A full-stack ad platform built for the privacy-first era
Verve operates a full-stack advertising platform, connecting advertisers seeking to buy digital ad space with publishers selling it. With ~75% of revenue from the US and ~96% from mobile (in-app), Verve is positioned among digital advertising’s fastest-growing segments. Unlike most competitors within the so-called open internet*, Verve benefits from vast direct SDK integrations and supplementary first-party gaming data, enabling effective targeting without traditional identifier-based signals (cookies and device IDs), which are decreasing in relevance amid growing privacy concerns and stricter regulation.
2026 will be a show-me story
We see Verve’s market positioning as offering strong growth potential driven by structural tailwinds in programmatic advertising (high single-digit market growth with mobile in-app and CTV growing faster) and its relatively rare combination of vertical integration and proprietary first-party data enabling privacy-compliant targeting solutions. In addition, its ability to retain customers despite platform migration issues (96-98% retention rate in Q2-Q3’25) further evidences the resilience of its commercial relationships.
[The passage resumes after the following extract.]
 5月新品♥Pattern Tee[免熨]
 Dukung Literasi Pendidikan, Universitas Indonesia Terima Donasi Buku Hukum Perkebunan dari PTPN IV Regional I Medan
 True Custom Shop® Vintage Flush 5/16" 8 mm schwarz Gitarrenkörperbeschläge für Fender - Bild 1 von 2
Its scalable cost structure should also support margin expansion as revenue recovers from the disruptions in 2025. However, we believe these opportunities are counterbalanced by several near-term risks. The company must demonstrate that weak cash conversion in 2025 (9 MEUR FCFF vs. 94 MEUR in 2024) was temporary, rebuild credibility following the mid-2025 guidance downgrade by delivering on 2026 guidance, and prove that elevated leverage will not constrain strategic flexibility. Additional risks include potential AI disruption to ad models and market cyclicality. Putting these pieces together, our estimates reflect cautious optimism where we see conditions for a cash flow recovery, improved margins, and a return to stronger organic growth, with our top- and bottom-line projections broadly aligned with the midpoint of management's guidance (2026e: 16% revenue growth like-for-like, 17% adjusted EBIT margin). Ultimately, 2026 is, in our view, about management proving through consistent execution that the platform unification pain was worth enduring.
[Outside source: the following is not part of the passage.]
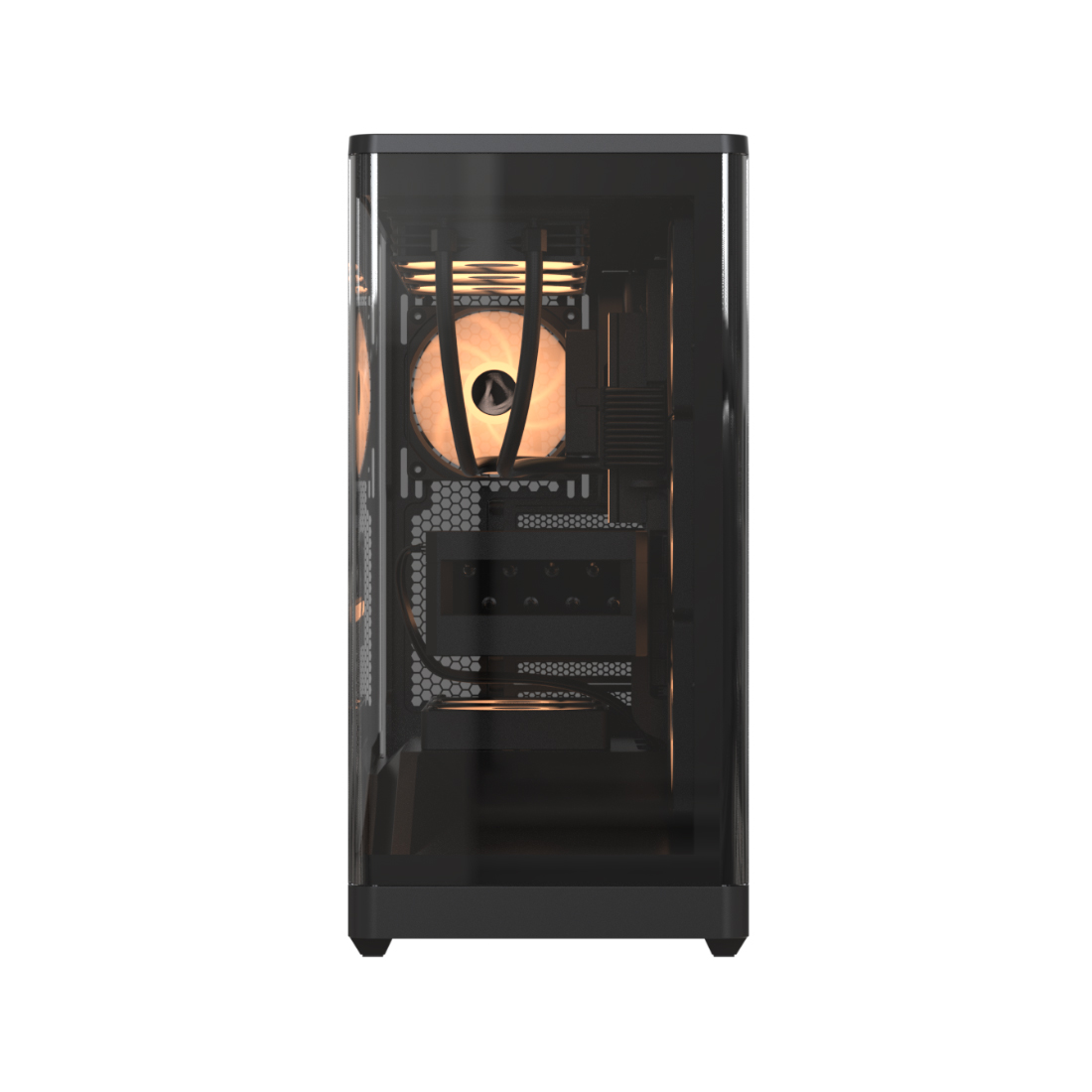 Компьютерлік корпус Formula V Crystal U9 PA Black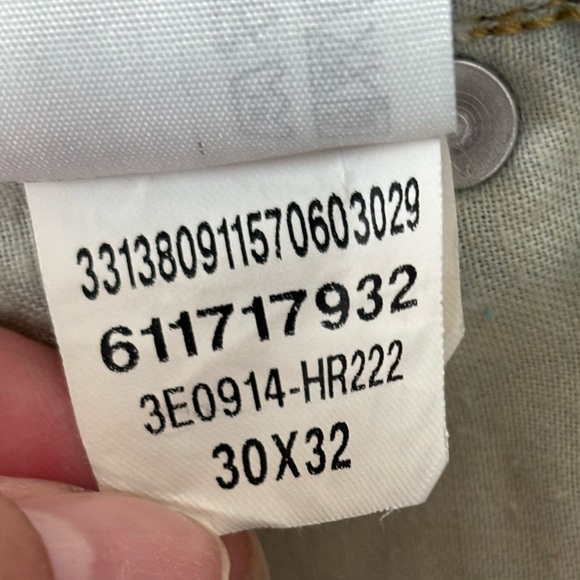 The Hollister Skinny Men’s Button Fly Denim Jeans - Size 30 x 32 Dark Wash - Picture 9 of 16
Consistent execution will be key for a re-rate
Verve entered 2025 poised for, what we believed, a re-rating closer to its peer group, but stumbled badly. We assess that the market's patience has worn thin, with the stock trading at very low absolute multiples (2026e**: 6x EV/adj. EBIT, 10x EV/adj. FCFF) that, in our view, reflect the market’s genuine skepticism about the company’s ability to convert earnings into meaningful cash, compounded by its elevated leverage, and broader valuation pressure on open-internet ad tech. Before any re-rating can materialize, we believe management must demonstrate stronger cash conversion, prove that platform efficiencies are sustainable, make meaningful progress toward its deleveraging targets, and rebuild trust through consistent execution. That said, the platform is now unified and stable, with 2026 guidance suggesting management's confidence in returning to normalized growth. If those conditions are met, we believe the current valuation offers strong upside, but the burden of proof remains firmly on execution.